2 Ways How Fly Fishing + Golf Are The Same
When trying to answer questions about fly rods to customers, I am always trying to find better and more detailed ways of explaining the differences in rod "action." When someone asks what the variance between a fast and slow action rod are, one correlation that I try and draw from is golf. I find that a lot of fly fisherman are either current golfers or have swung a club at some point in their life. I was recently talking to my great new intern, Adam (who plays college golf), about the similarities with fly rods and golf clubs. Here are two striking similarities between the two and how bringing golf into the conversation can help explain fly fishing a little better...

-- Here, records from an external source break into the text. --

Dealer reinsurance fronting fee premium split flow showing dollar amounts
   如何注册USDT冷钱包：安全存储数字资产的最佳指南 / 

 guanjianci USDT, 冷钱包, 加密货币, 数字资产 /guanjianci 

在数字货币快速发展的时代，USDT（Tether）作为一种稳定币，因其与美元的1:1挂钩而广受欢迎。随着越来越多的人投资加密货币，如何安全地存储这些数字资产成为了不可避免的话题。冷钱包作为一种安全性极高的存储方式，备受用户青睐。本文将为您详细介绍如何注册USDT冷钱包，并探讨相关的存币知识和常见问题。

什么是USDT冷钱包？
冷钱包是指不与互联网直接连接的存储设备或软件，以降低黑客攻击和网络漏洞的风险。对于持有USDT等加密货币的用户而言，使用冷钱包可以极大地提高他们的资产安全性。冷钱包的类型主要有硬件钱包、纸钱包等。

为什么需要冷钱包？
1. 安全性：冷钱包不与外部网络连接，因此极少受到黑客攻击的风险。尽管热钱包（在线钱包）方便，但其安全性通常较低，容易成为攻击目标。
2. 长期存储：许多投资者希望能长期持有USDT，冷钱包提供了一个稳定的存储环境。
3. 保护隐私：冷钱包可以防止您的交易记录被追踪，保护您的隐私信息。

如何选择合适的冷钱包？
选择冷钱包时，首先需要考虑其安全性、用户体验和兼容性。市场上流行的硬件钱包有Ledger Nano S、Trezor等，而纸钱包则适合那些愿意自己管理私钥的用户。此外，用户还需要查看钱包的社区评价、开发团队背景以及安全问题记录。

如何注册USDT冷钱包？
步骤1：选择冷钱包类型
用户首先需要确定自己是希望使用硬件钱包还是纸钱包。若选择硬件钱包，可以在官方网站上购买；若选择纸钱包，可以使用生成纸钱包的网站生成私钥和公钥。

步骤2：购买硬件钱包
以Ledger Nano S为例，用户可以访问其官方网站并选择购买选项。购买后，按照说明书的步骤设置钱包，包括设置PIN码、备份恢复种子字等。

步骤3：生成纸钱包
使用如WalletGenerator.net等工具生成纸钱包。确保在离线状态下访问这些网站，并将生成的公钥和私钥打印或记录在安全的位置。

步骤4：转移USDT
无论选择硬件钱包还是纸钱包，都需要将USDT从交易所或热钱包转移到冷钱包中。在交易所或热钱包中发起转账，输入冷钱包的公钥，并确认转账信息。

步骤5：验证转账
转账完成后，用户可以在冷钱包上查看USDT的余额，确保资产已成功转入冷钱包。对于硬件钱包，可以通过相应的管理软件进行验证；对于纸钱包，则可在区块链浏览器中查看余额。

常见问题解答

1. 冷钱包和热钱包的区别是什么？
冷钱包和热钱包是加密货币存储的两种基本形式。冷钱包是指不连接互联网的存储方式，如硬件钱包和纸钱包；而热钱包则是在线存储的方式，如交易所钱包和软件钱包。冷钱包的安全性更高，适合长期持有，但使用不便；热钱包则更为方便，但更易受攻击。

Just like in fly fishing, there are many available options for golf clubs when looking to buy. If a golfer knows that their club speed is on the lower side, they are going to get a shaft for that club that has more flex. This tends to be with the newer/younger golfers as well as older players. So for example: a senior who loves to play golf everyday wants to get a new driver - He is going to buy a club he knows he will be able to hit the best - Which in the golf world would be a "senior flex" shaft. The same principles apply in fly fishing. An angler who is just beginning, or a senior, does not produce the same amount of line speed as a more experienced angler does. A person like this would be looking at a slow action rod, or a "softer" rod. This will give them the line speed that their body cannot produce. A softer rod provides more room for error in a cast as well and can help with accuracy.

Fly Fishing - Golf


    In fly fishing, someone who is looking for a rod that goes further will classically want a rod which is longer. Longer rods provide the ability to cast further distances. The same ideas apply is golf, the longest club in a golfer’s bag is their driver. This club hits the furthest and is usually less accurate. On the flip side, an angler who is looking for a rod that is more accurate, they are going to get a rod that is much shorter. Shorter rods are generally more accurate but suffer at distance. In golf, the shortest club in a golfer’s bag is going to be a wedge. Their wedge is used for shorter shots with accuracy to get close to the pin.